The PLA is no longer primarily concerned with serving as the ultimate backstop to CCP rule. Assuming that the PLA remains concerned with its ability to handle any perceived domestic threats and maintaining the domestic image of the CCP does not reflect reality leads to a false sense of security. The PLA’s primary focus remains on meeting its modernization goals. Goals that are focused on its ability to fight and win wars and becoming the world’s strongest military by 2049. The PAP enables the PLA to focus on warfighting first and foremost. If policymakers were to believe that the PLA primarily remains focused on issues at home and will not reach its modernization goals, they would be unprepared to develop strategies to mitigate the impacts of PLA military diplomacy and peacetime coercion on U.S. interests and policy priorities.
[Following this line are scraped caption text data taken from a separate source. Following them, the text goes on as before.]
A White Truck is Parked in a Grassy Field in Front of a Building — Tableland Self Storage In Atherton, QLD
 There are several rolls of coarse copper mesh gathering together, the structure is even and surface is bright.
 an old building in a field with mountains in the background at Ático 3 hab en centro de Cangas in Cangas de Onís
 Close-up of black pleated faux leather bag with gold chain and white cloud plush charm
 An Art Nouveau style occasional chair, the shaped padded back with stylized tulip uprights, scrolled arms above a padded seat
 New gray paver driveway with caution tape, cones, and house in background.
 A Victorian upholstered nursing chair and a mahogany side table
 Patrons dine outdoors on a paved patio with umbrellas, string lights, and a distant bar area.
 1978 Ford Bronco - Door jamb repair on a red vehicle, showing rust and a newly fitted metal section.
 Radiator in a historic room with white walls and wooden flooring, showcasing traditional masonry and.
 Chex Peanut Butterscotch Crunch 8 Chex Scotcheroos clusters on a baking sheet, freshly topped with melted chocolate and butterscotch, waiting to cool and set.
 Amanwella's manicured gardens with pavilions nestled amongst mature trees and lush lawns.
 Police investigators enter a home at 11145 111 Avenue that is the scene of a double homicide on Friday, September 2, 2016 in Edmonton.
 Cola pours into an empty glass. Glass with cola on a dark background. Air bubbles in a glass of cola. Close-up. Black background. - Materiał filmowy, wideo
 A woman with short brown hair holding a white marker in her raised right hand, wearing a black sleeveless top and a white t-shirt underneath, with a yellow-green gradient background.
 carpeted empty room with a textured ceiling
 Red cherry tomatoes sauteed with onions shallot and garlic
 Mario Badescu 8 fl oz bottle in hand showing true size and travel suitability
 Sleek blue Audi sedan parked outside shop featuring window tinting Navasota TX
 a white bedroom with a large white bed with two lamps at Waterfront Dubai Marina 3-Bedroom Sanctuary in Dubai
This analytical approach leads to a false sense of complacency with respect to PLA modernization and could ultimately make marshalling the military and nonmilitary resources necessary to plan for a variety of potential contingencies more difficult, potentially leading to a conflict with the PRC that the United States is underprepared for.. The roads to a crisis or conflict are often not intentional; however, not taking the threat of an adversary seriously or being unable to engage in meaningful dialogue with adversaries makes the situation all the more dangerous. Should a crisis occur, the price of a faulty threat perception of the PLA today is much higher in blood, treasure, and reputation than preparing for it.